### Instructions to follow
Lines from the one containing "Téléchargez les photos" through the end of the material are to be retyped exactly; do not copy pictures.

### Information shown
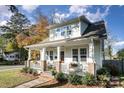 Quaint house with a covered porch and landscaping at 2358 Morton St, Charlotte, NC 28208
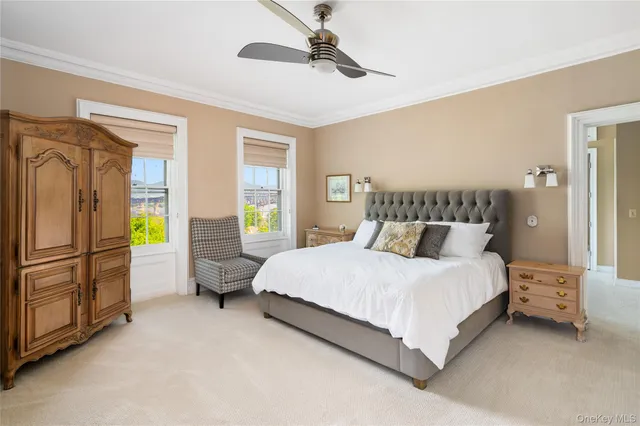 a bedroom with a bed dresser and a window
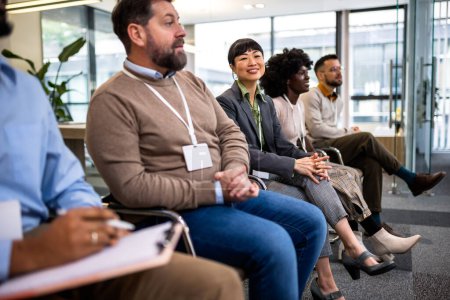 Téléchargez les photos : Groupe de gens d'affaires multiethniques à l'écoute de la conférence qui est dans leur entreprise. - en image libre de droit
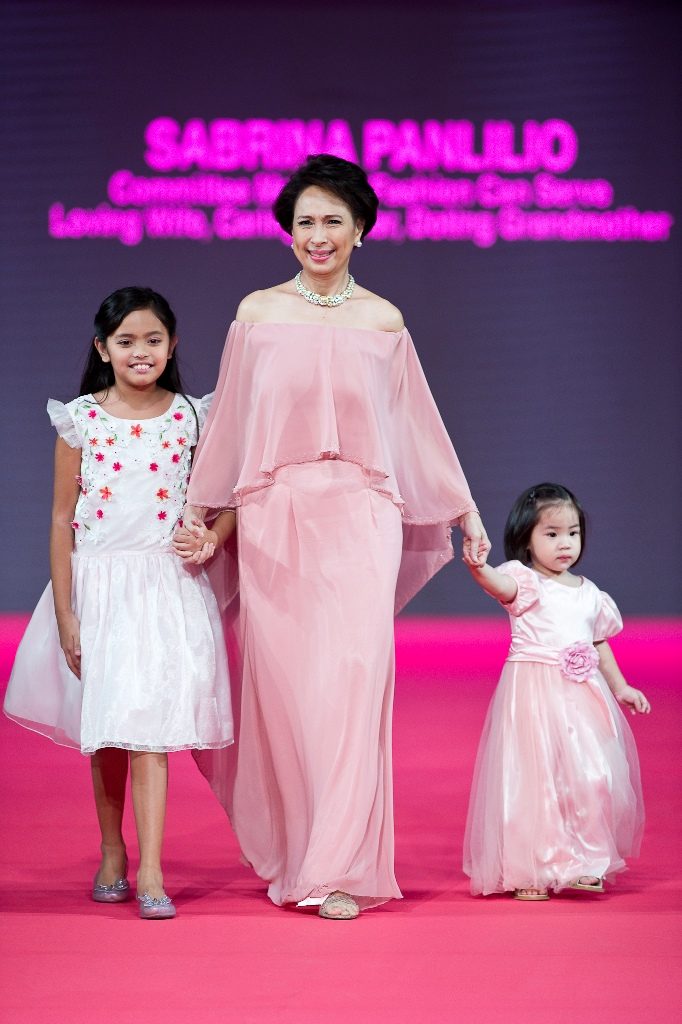 Sabrina Panlilio, a Fashion Can Serve committee member and a 15-year breast cancer survivor, wearing Mia Arcenas, with grandchildren Sophia and Zoya in Rustan's collection.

### Result for this exercise
 Téléchargez les photos : Groupe de gens d'affaires multiethniques à l'écoute de la conférence qui est dans leur entreprise. - en image libre de droit
 Sabrina Panlilio, a Fashion Can Serve committee member and a 15-year breast cancer survivor, wearing Mia Arcenas, with grandchildren Sophia and Zoya in Rustan's collection.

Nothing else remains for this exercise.